How I Met My Dog

The “Look” of Love

Before You Teach Your Dog Anything Else — Teach Him/Her ‘Look’

We all know how difficult it can be when trying to get the attention of someone who is focusing on a cell phone.  Well it’s not that different when trying to get your own dog to pay attention to you when they’re focused on something across the room or outside the window. Teaching your dog the “look” command will lay the groundwork for all subsequent training. This simple cue not only fosters a bond between you and your dog it’s also amazingly helpful when dealing with life’s countless distractions.  Once your dog has a reliable “look” cue, you can prevent all kinds of unwanted behaviors and instead have a dog that’s focused on you and the task ahead.

What You Need

  • Super-yummy dog treats like these, these or these
  • A quiet and controlled environment to practice

“Look” Training Tips

  1. Start by holding the dog treat (with your right hand) briefly under your dogs nose - just long enough so he/she smells the treat and knows you have food in your hand.
  2. Take the treat up and hold it right next to your right eye. (How you hold the treat will also become your hand signal).*
  3. As soon as the dog looks at you, tell him, “good look!” and give the treat.

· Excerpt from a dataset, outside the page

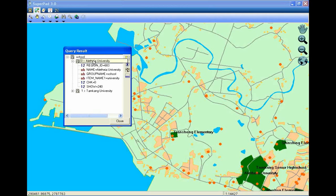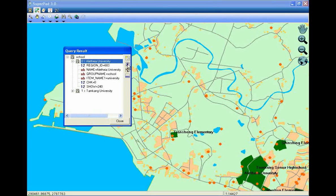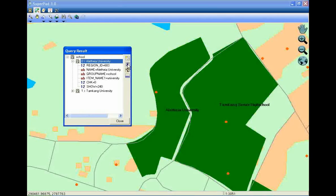The features matching the search condition are listed in the query result list. Tap the name of the feature and tap the second button. You can zoom to the feature you need.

The first few times, your dog need only hold your gaze for a fraction of a second.
  4. Repeat these steps a few times and take a break.
  5. Eventually build upon this so your dog is looking at you for at least a full second, while repeating “good look” before giving the treat
  6. After several repetitions practice giving the cue and sweep your hand up next to your eye without the treat in your hand.

Training sessions should be brief and fun – take breaks before either of you become frustrated. As your dog starts to understand the cue, you will give treats less and less. But don’t just stop giving treats. Look for situations where he excels when responding to the cue. For example, give treats for responding quickly and/or holding eye contact.

Once your dog performs consistently in a controlled environment, add in some distractions.  Practice with him outside or during your daily walks by throwing in a “look” every now and then to keep him on his toes. Remember to praise if he looks back, no matter how briefly.

You Have My Attention – Now What?

Once you can reliably get your dog’s attention with the “look” command, start to use it as a pre-curser to other simple commands like “sit” or “down.” Then stack the “look” with more fun activities like “look” - let’s go for a car ride,”  “ look” - let’s go for a walk,” “look” -“let’s play fetch”. These types of activities are like rewards for a successful “look.” In no time you will say “look,” and your dog will quickly spin his head toward you with ears perked – not wanting to miss out on an opportunity to please you and eager know what’s next. 

*If you’re left handed, hold the treat in your left hand and sweep it up next to your left eye.

Speak Easy

Before your dog learns how to speak English, the only language he/she is fluent in is dog. If you teach your dog just one command (e.g., “look”), you instantly share a language. The more commands you teach your dog, the more you can communicate with each other.